> [Work required]:
Return the listing exactly. Keep no pictures.

> [Exercise data]:
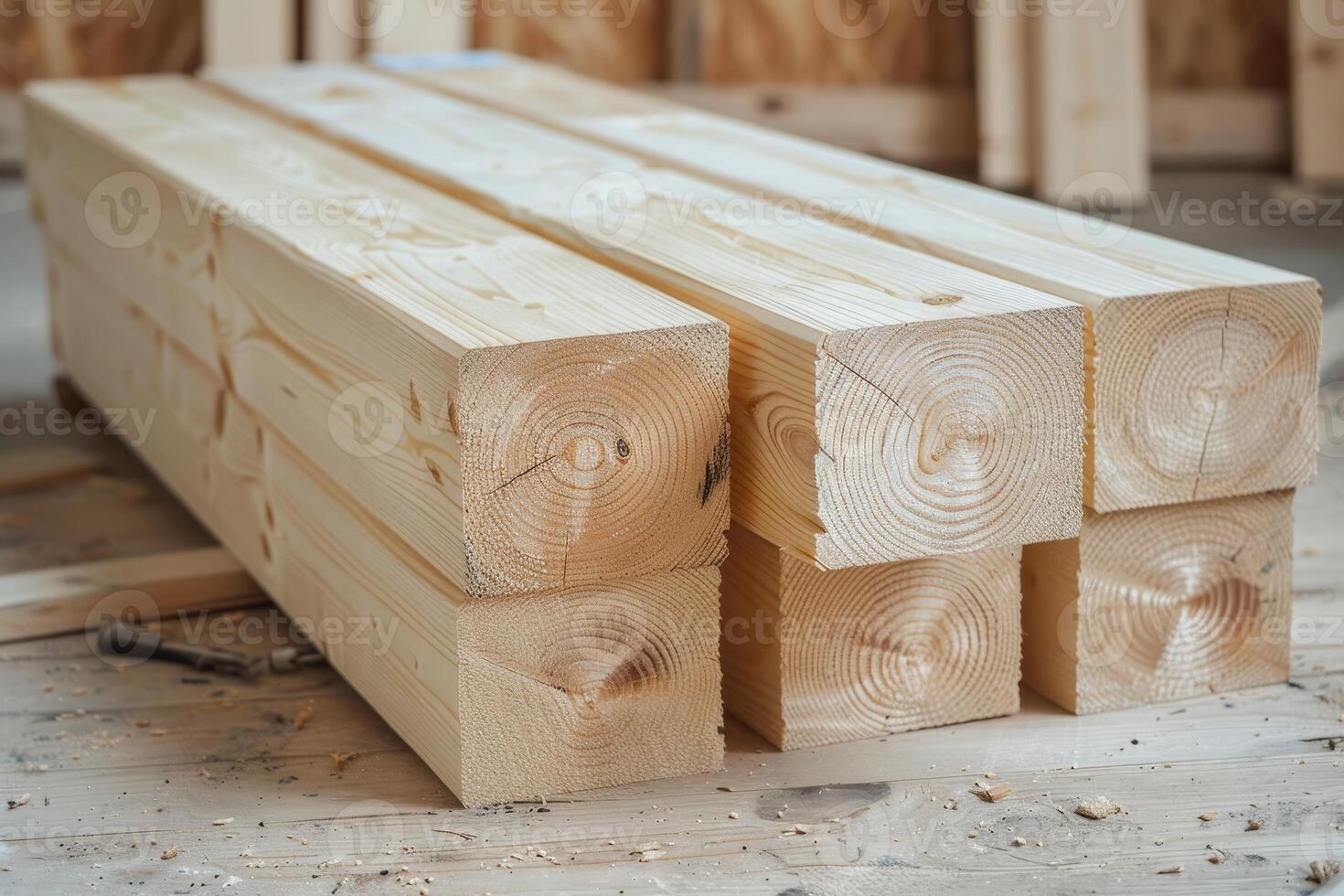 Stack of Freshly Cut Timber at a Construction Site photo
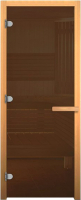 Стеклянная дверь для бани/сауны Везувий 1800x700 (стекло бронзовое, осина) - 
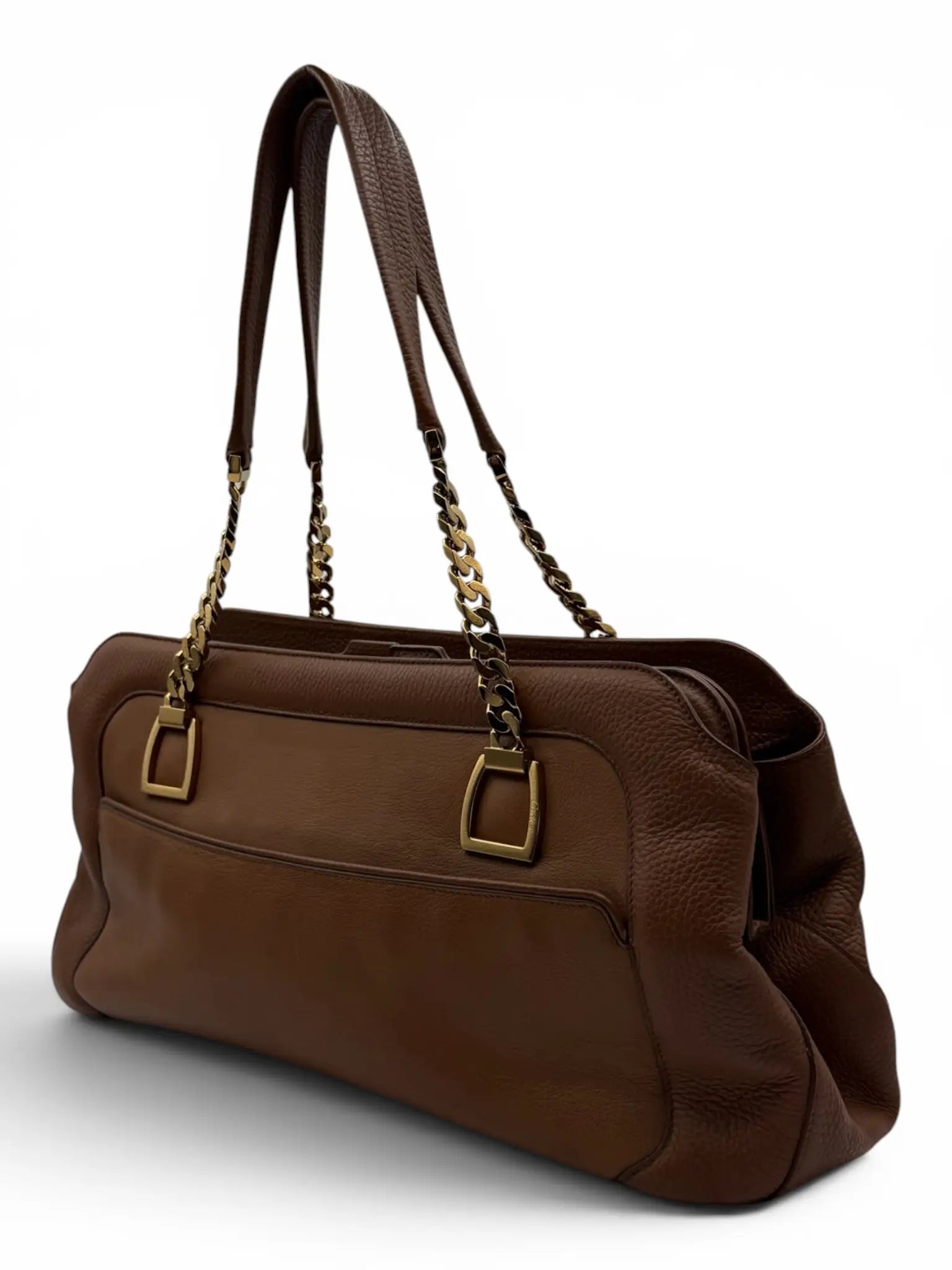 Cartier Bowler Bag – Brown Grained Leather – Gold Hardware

> [The answer]:
 Stack of Freshly Cut Timber at a Construction Site photo
 Стеклянная дверь для бани/сауны Везувий 1800x700 (стекло бронзовое, осина) - 
 Cartier Bowler Bag – Brown Grained Leather – Gold Hardware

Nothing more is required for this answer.